Rumah berdinding triplek, berkas kayu ini, ditujukan untuk ibu hamil, anak perempuan remaja, balita dan lansia istirahat.
"Waktu itu kami dapat bantuan rumah tumbuh sebanyak 6 buah, empat di Kota Pariaman dan dua di Kabupaten Padang Pariaman," ujar mantan penyiar radio damai itu.
Inovasi dari LPKTPA ini sempat mendapat reward oleh sejumlah NGO, bahkan Teta sering pergi ke sejumlah tempat bencana untuk memastikan keamanan perempuan dan anak setelah kejadian itu.
Kasus Pelecehan Seksual Ibarat Gunung Es
Meski sampai saat ini zaman terus berkembang dan kemampuan masyarakat makin meningkat, kasus pelechan seksual pada perempuan dan anak tidak akan habis.
Buktinya sejak tahun 1990 Teta Sabar bersama lembaganya tidak pernah berhenti mendengar tangis korban dan keluarganya sampai saat ini.
Pengawasan orang tua pada anak baginya adalah kunci untuk meminimalisir kejadian ini.
"Kemajuan zaman malah membuat korban terus berjatuhan, jadi memang peran orang tua yang bisa mengatasinya," jelas perempuan itu dengan suara rendah.
Baginya kontrol terpenting yang harus dilakukan orang tua adalah membatasi jam malam anaknya serta penggunaan telepon pintar.
Kendati kasus ini tidak akan pernah habis, Teta mengaku ia akan tetap berusaha mendampingi para korban.
Pendampingan ini merupakan buah rasa empati yang didapat Teta sejak kecil. Teta kecil saat silih berganti kedatangan tamu yang dibawa sang ayah.

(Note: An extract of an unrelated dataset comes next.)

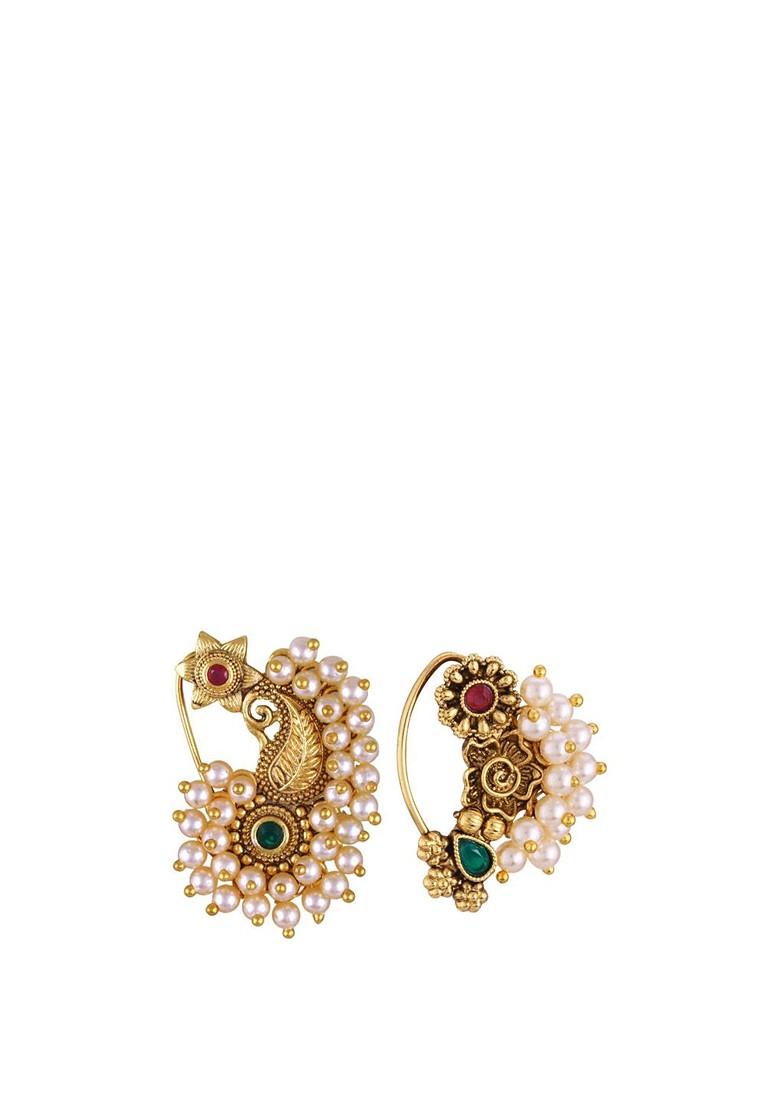 Set Of 2 Gold Plated Pearls Ring Nosepin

Para tamu itu adalah orang yang membutuhkan bantuan karena memiliki kekurangan secara ekonomi dan fisik.
Mau tidak mau Teta bersama kakaknya sejak dulu sudah bergantian untuk beradaptasi dan bergaul dengan para tamu.

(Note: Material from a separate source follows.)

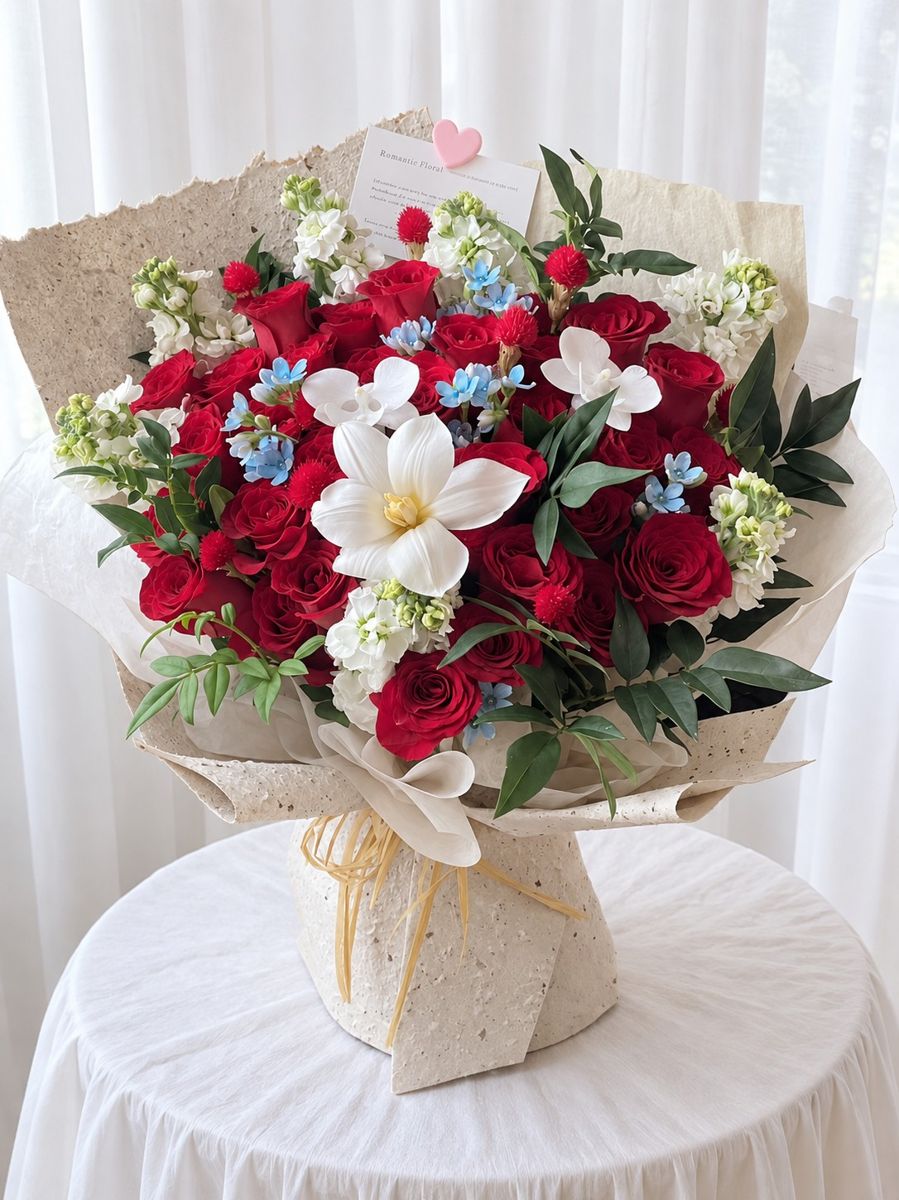 Scarlet Romance – Luxury Red Rose Bouquet Singapore – Hand Bouquets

"Jangan berharap sesuatu dari orang, bantu orang itu pasti ada balasan untuk kita dari orang lain," ujar Teta mengutip pesan ayahnya yang tidak akan pernah ia lupakan.

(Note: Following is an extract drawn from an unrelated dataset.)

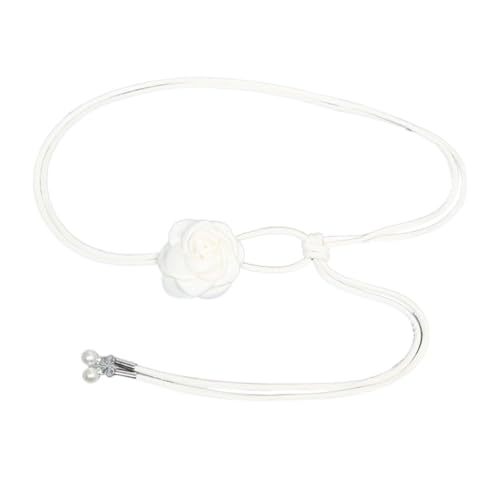 Womens' Lace Flower Knot Double Rope Leather Waist Belt with Pearl for Dress Elegant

Selain lingkungan keluarga rasa empati ini merupakan buah dari pergaulannya semasa duduk di bangku sekolah menengah pertama (SMP).
Sejak SMP Teta remaja selalu nongkrong di Birmantara Radio Bukittinggi bersama anak jalanan, broken home dan remaja yang kurang mendapat kasih sayang dari orang tuanya.
"Bekal empati itu yang membuat saya mengutuk antipati masyarakat tahun 1989 saat saya pulang kampung," katanya.
Namun makin kemari kemarahan dan rasa empati Teta Sabar malah berbuah cinta pada kampung halamannya.
Teta mengaku akan tetap menempuh jalan yang ia arungi saat ini selama tenaganya masih kuat.
"Saya akan terus mengawal semua kasus selagi diberi tenaga, sampai tangis para perempuan (korban) berhenti," kata perempuan yang disapa Teta oleh semua usia itu.
Agar perjuangan tidak terhenti saat tenaganya habis, Teta malah sudah menyiapkan regenerasi.
Kata Teta ia sudah membimbing anak keempatnya untuk berjalan di bidang yang sama.
Jika ibunya hanya tamatan SMA dan menimba ilmu dari pengalaman dan buku, anak gadisnya ia kuliahan di bidang tersebut.
"Saya harap anak saya itu mampu meneruskan apa yang sudah kakak saya mulai dan saya teruskan hingga saat ini," katanya sembari membenarkan kaca mata.